If you have been reading this blog for a while, or you know me outside of the blogosphere, you probably know that one of my passions is writing. While I do write on this blog, the main focus has been visual art. Well, I’ve decided that I would like to start doing a little more writing, and I though that a great way to do it would be to start writing a weekly post on things that inspire me, in the form of a longer personal essay.
This may not seem like a big change, and hopefully it will just flow with the natural rhythm of this blog, but it will also give you, the reader, something more to think about, enjoy, and use as inspirational fuel for your life. All of these posts will be tagged and titled “Inspiration Digest” for you to find easily. I will plan to post them by the end of the day every Sunday, with some allowances for weekend trips, etc.
Since one of the big points of this is to exercise my writing muscles, I thought there was no more fitting first topic than reading and writing: two great sources of inspiration to me.

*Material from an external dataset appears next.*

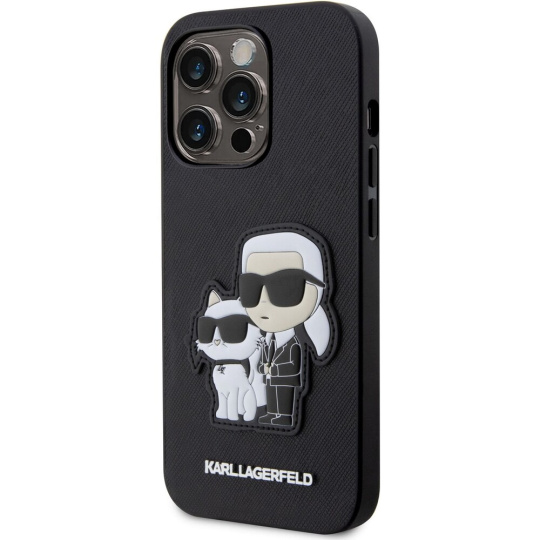 Karl Lagerfeld PU Saffiano Karl and Choupette NFT kryt pro iPhone 14 Pro Max černý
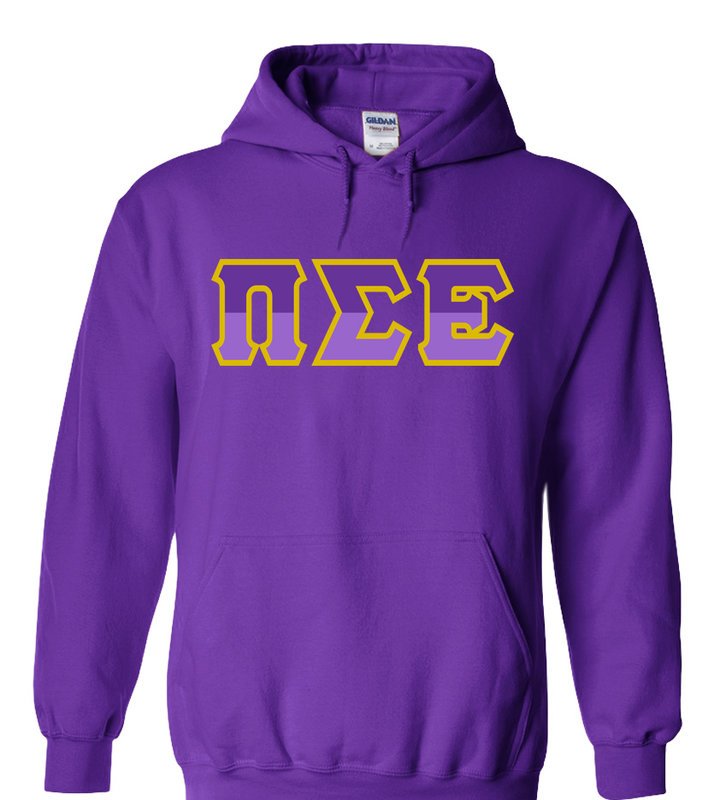 Pi Sigma Epsilon Two Tone Greek Lettered Hooded Sweatshirt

So, here it goes—enjoy!
I can’t remember a particular event that slingshotted me into the world of words, but there was one summer when I clearly remember moving from not liking to read, to inhaling books. I was ten. It was the summer before sixth grade, and there was a long list of books I was supposed to read before entering junior high in the fall. I can’t even remember the name of the first book, but I can remember the feeling. Hot, humid nights sitting in the wind of a fan, the cool sheets of my parents’ bed where I would hide out because it was cooler than my bedroom.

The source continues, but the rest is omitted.